From: Jason Gunthorpe <jgg@nvidia.com>
To: Edwin Peer <edwin.peer@broadcom.com>
Cc: Parav Pandit <parav@nvidia.com>,
Saeed Mahameed <saeed@kernel.org>,
"David S. Miller" <davem@davemloft.net>,
Jakub Kicinski <kuba@kernel.org>, netdev <netdev@vger.kernel.org>,
"linux-rdma@vger.kernel.org" <linux-rdma@vger.kernel.org>,
Alexander Duyck <alexander.duyck@gmail.com>,
Sridhar Samudrala <sridhar.samudrala@intel.com>,
David Ahern <dsahern@kernel.org>,
Kiran Patil <kiran.patil@intel.com>,
Jacob Keller <jacob.e.keller@intel.com>,
"Ertman, David M" <david.m.ertman@intel.com>,
Dan Williams <dan.j.williams@intel.com>,
Saeed Mahameed <saeedm@nvidia.com>
Subject: Re: [pull request][net-next V10 00/14] Add mlx5 subfunction support
Date: Mon, 25 Jan 2021 19:13:55 -0400 [thread overview]
Message-ID: <20210125231355.GC4147@nvidia.com> (raw)
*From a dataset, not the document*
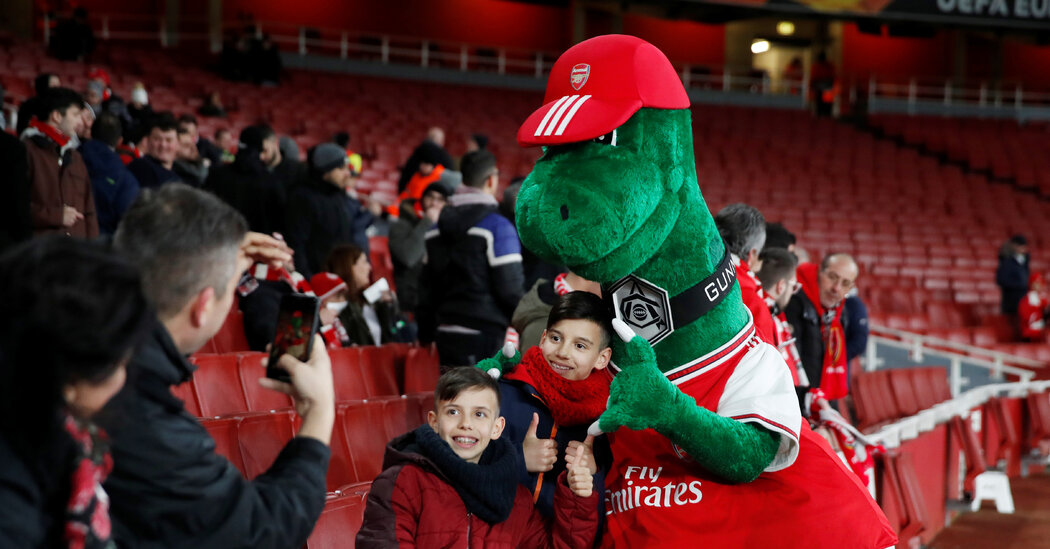 Arsenal Laid Off Its ‘Gunnersaurus’ Mascot. A Player Offered to Pay His Salary.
In-Reply-To: <CAKOOJTwWUCe+6qkderKY7ojfHWDxkMQyQTR6uYRFNiZJ8zzYbw@mail.gmail.com>
On Mon, Jan 25, 2021 at 01:23:04PM -0800, Edwin Peer wrote:
> On Mon, Jan 25, 2021 at 12:41 PM Jason Gunthorpe <jgg@nvidia.com> wrote:
>
> > > That's an implementation decision. Nothing mandates that the state has
> > > to physically exist in the same structure, only that reads and writes
> > > are appropriately responded to.
> >
> > Yes, PCI does mandate this, you can't store the data on the other side
> > of the PCI link, and if you can't cross the PCI link that only leaves
> > on die/package memory resources.
>
> Going off device was not what I was suggesting at all. I meant the
> data doesn't necessarily need to be stored in the same physical
> layout.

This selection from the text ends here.